Расстрельный конвейер
С приходом большевиков осенью 1920 г. под солнцем Тавриды разыгралась драма апокалипсического масштаба. Расстрелы, террор и массовый голод – таким было установление советской власти в Крыму, ставшим воистину красным от пролитой крови. Севастополь не стал исключением. Именно здесь, наряду с Феодосией, Ялтой и Симферополем, массовые казни имели особенно широкий размах.
15 ноября 1920 г. в город вошли части 51-й стрелковой дивизии под командованием Василия Блюхера и 1-й Конной армии Семена Буденного. Очевидцы вспоминали, что раньше войск в город въехал огромный бронеавтомобиль.
«Из нескольких бойниц смотрели тонкие стволы пулеметов, они то и дело давали очереди в воздух, по-видимому, для острастки. Но самое страшное было не в этом. Броня этого фургона была выкрашена в цвет хаки и в нескольких местах украшена красными пятиконечными звездами, а вдоль корпуса большими красными буквами было написано «Антихрист».[6]
Многие обыватели посчитали это недобрым знаком, предзнаменованием грядущих несчастий. При этом, однако, никто не мог себе даже представить, что реальность окажется во сто крат ужаснее и страшнее всяких предчувствий.
После эвакуации Русской эскадры в городе оставалось немало бывших офицеров и солдат Белой армии, поверивших обещаниям об амнистии, данным накануне красным командованием; гражданских и военных чиновников, беженцев. По мнению высшего партийного советского руководства, все эти люди являли собой источник потенциальной угрозы.

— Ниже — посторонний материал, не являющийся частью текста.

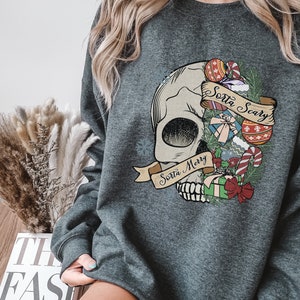 Skull Christmas Sweatshirt, Pullover Spooky Sweatshirt, Festive Christmas Outfit, Christmas Vibes Sweatshirt, Cozy Sweatshirt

В результате практически сразу после занятия полуострова красными началась «дикая, ужасная расправа, - страшная кровавая крымская вакханалия. <…> История знает ужасные случаи массовых человекоистреблений, но не было еще среди человечества подобной бойни»[7].
«Бежали - зрячие. Под землю ушли - слепые»[8], - написал в своей пронзительной книге «Солнце мертвых» живший в то время в Алуште известный литератор Иван Шмелев. (Единственного сына писателя, 25-летнего артиллерийского офицера-инвалида Сергея Шмелева, казнили в окрестностях Феодосии).
Вскоре после вступления частей Красной армии в Севастополь в городе была объявлена регистрация. Поначалу людей регистрировали и распускали по домам. Но вскоре вышел новый приказ, объявивший повторную регистрацию, и все пришедшие на нее были арестованы и в подавляющей своей массе - расстреляны.
Одним из мест массового уничтожения стала Максимова дача...
По воспоминаниям современников, сюда привозили на грузовиках все новые и новые партии смертников и под покровом ночи казнили. Чаще всего расстрелы происходили у каменной стены рядом с прямоугольным бассейном парка. После тела убиенных складывали на подводы и хоронили в окрестных оврагах.
Массовые убийства в Севастополе происходили и в других местах – территории современного Херсонесского заповедника, городском, Английском и Французском кладбищах. Однако бесспорное «лидерство», без сомнения, сохранялось за Максимовой дачей. Усадьба севастопольского градоначальника стала единой братской могилой для сотен людей. Расстрельные списки с именами некоторых из них опубликованы в выпущенном в Киеве в 2005 г. исследовании Леонида Абраменко «Последняя обитель. Крым, 1920-1921 годы».[9]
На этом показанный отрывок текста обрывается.